我が一族はハゲが多い。しかし、このことについては公の場ではアンタッチャブルになっている。どれだけハゲが多いかというと、お隣の式場と比べれば一目瞭然。蛍光灯が、整然と並んだ禿頭に反射して、こちらの式場の方が数段明るいのだ。これには本当にビックリした。ハゲは暗い式場内を明るく照らす。これだけでもハゲの存在価値はあるのだ。素晴らしきハゲ軍団。
お通夜の席で次女が小さな声で聞いてきた。
「○○おばさんの旦那さんってどの人?」
「あそこの頭の薄い人だよ」
「えっ、どこ?」
「そこのほら、頭がズルっとむけてる人だよ」
「前がズルむけの人?それとも後ろがズルむけの人?」
「後ろだよ」
「あの白い数珠を持ってる人?」
「違うよ、あの人はズルむけというより、ほとんど残っていないじゃないか、その後ろの列の人だよ」
「あの列ハゲが三人並んでいるよ」
「その中で、頭がチンポコの頭のようにむけちゃってる人だよ」
「ああ、あの人ね」
「バカ!指をさすんじゃない!!失礼じゃないか!!!」
「チンポコの頭って言う方がよっぽど失礼だと思いますけど・・・」
「・・・ごもっとも」
「それにしても、ハゲ頭がこんなに多い集まりはここしかしらないよ」
「右に同じ」
と、ここで隣から肘鉄が飛んできた。兄貴だ。うちの兄は人前ではスクエアーなフリをするので、かなり怒っている。そう、本当はざっくばらんな人なのに、人前では四角四面な感じを保つ、古典的な日本人。うーん、疲れる。ここらあたりに僕の人前嫌いがあるのかもしれない。こちらは人前で自分を取り繕うことに労力を割くのが堪らなく嫌なのだ。オレはこうなのだからそれでいいじゃないか、とついついどこかで思ってしまう。

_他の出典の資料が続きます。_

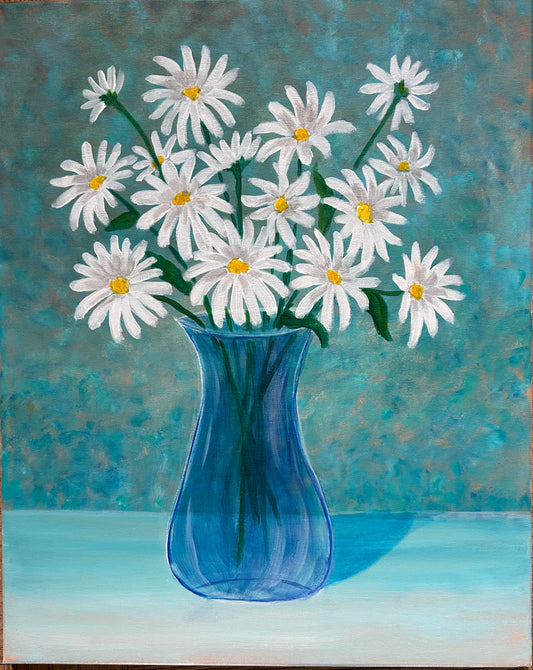 Feb 15th Sip Shop and "Galentine's Day" Paint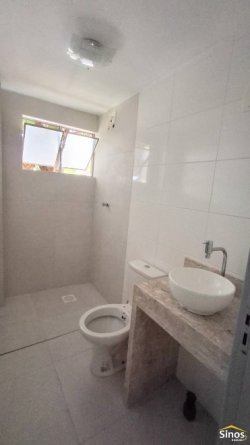 Apartamento 01 dormitório no Edifício Camélia 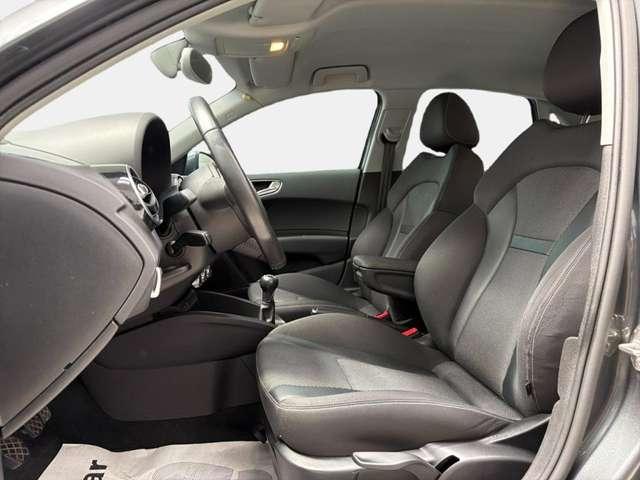Audi A1 SPB 2.0 TDI Ambition
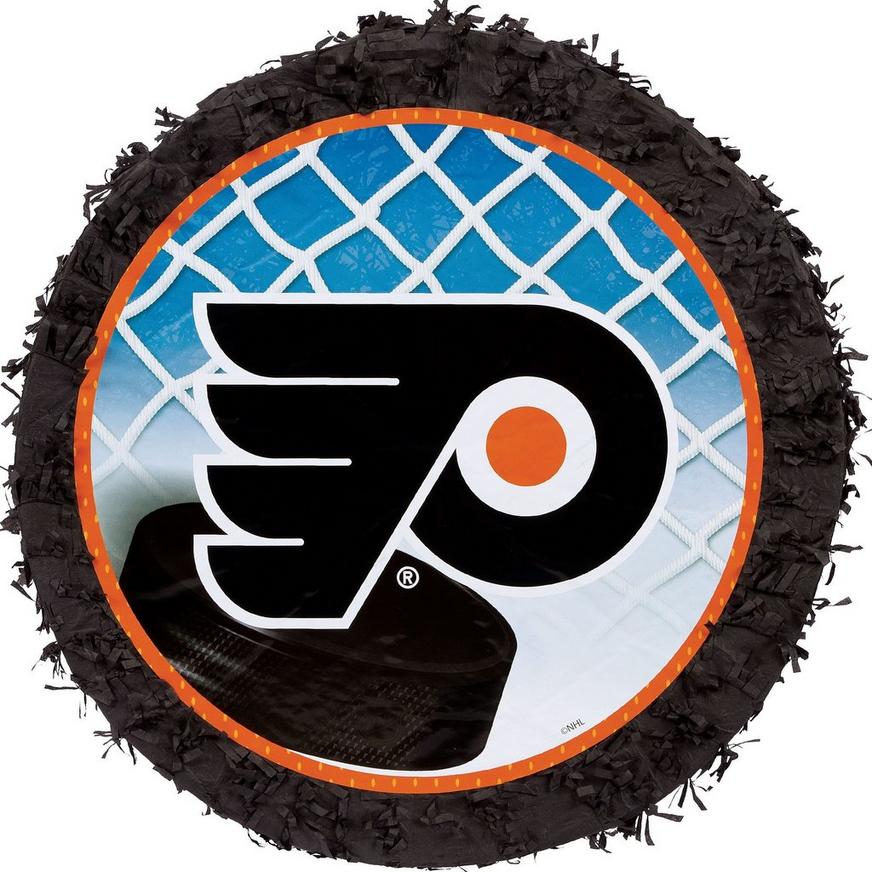 Philadelphia Flyers Pinata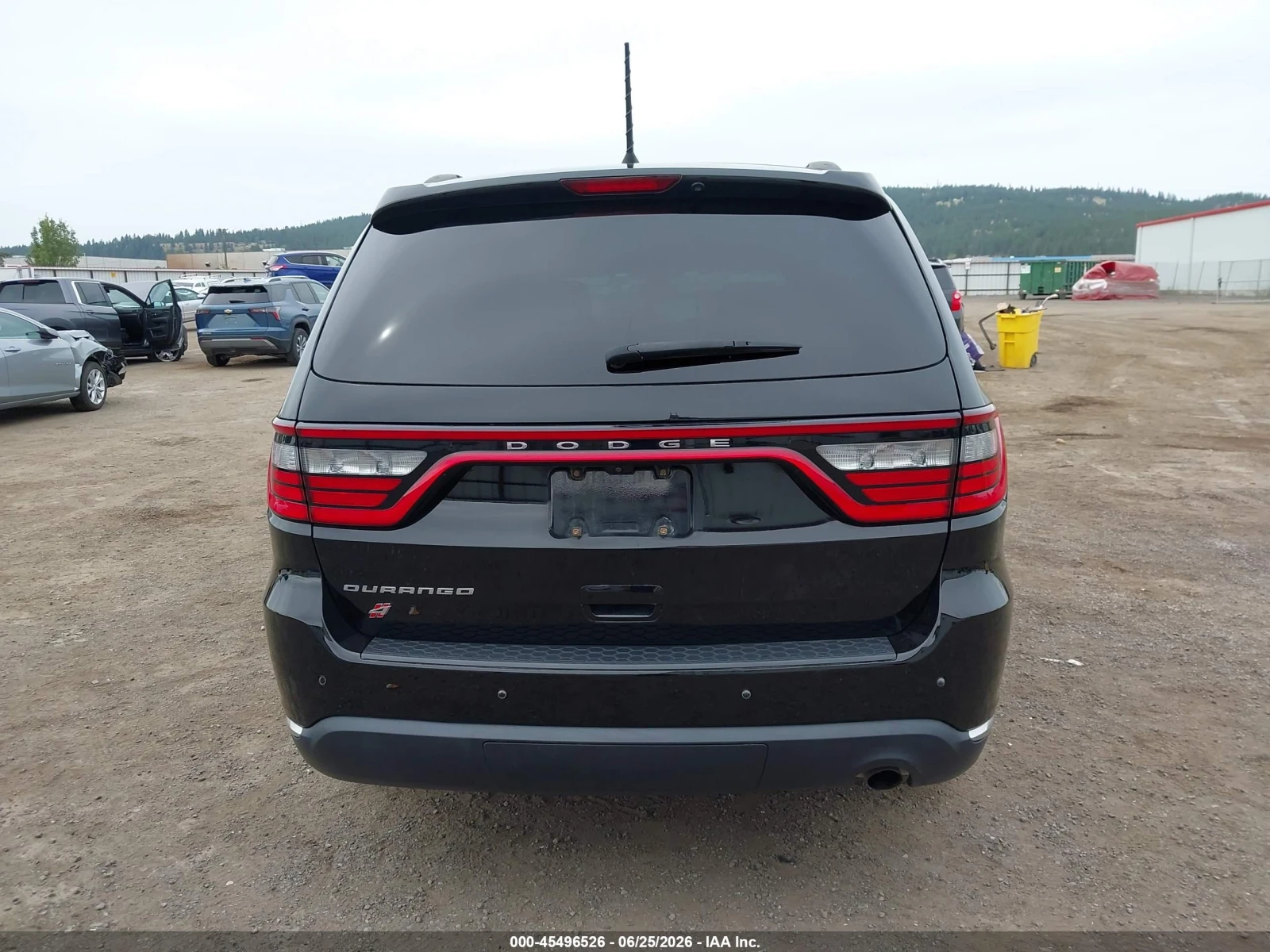 Dodge Durango | Mobile.bg � ����������� 6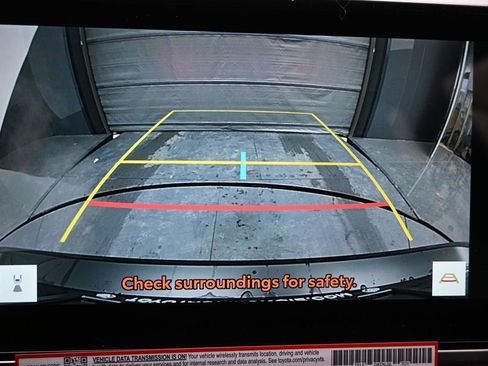 New 2026 Toyota Camry XSE image 27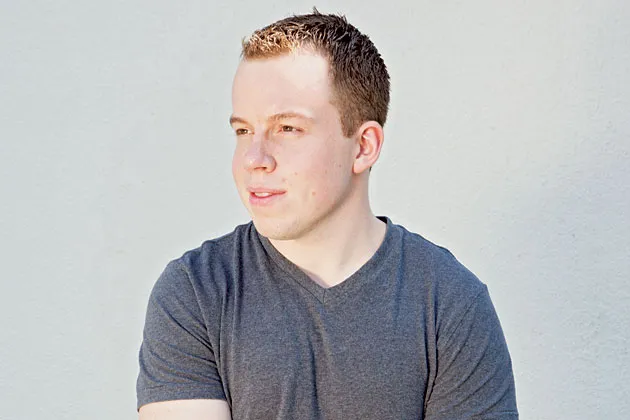 Innovator: Stephen Lake's Muscle-Reading Remote Control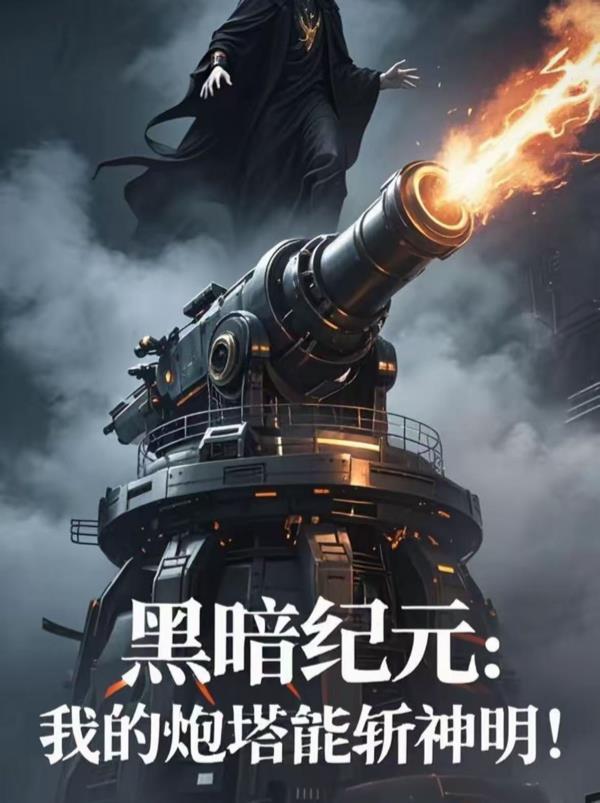 黑暗纪元笔趣阁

友人の先輩Kさんはあきらかにカツラとわかるものを頭に貼り付けている。Kさんはものすごくいい人で、僕みたいな人間のこともいろいろ気にかけてくれる奇特な方で、たまに食事に誘ってくれたりする。食事に行けば話に華が咲き、とても心地よい時間を過ごすことができるのだが、いまひとつ、どこかうち解けることができない。その原因はカツラ。カツラについて一切触れることのできないワタシ、カツラについて自分からは一切何も語ることのないKさん、これが二人の間に溝を作っているように思う。
友人に聞いてみた。
「カツラの話はやっぱりNGなの?」
「当然です」
「さりげなく、カツラに触ってみては駄目だろうか?」
「駄目です。だいいち、さりげなくそんなことができるとは思いません」
「じゃあ思い切って、それカツラですか?と聞いてみるのはどう?」
「それは絶対駄目、そこだけはふれてはいけないのです!!」
そこまで言われたら、こちらとしてもふれることはできない。どんなに風が強い日でも、ビクともしない頭髪。夏は蒸れるせいか、暑い暑いと言いながら、頭とカツラの隙間から滝のように汗を流し続け、そして雨が降ると猛ダッシュで雨宿り場所を探すKさん。そんなKさんに対して何も言ってはいけないなんて・・・もう苦しくて仕方がない。いっそのことカツラを団扇代わりにして、しらっとした感じで煽ってくれればいいのに・・・しかし、そんな素振りは微塵もない。度重なる苦しみからか、Kさんとはあまり会わなくなり、結局疎遠になってしまった。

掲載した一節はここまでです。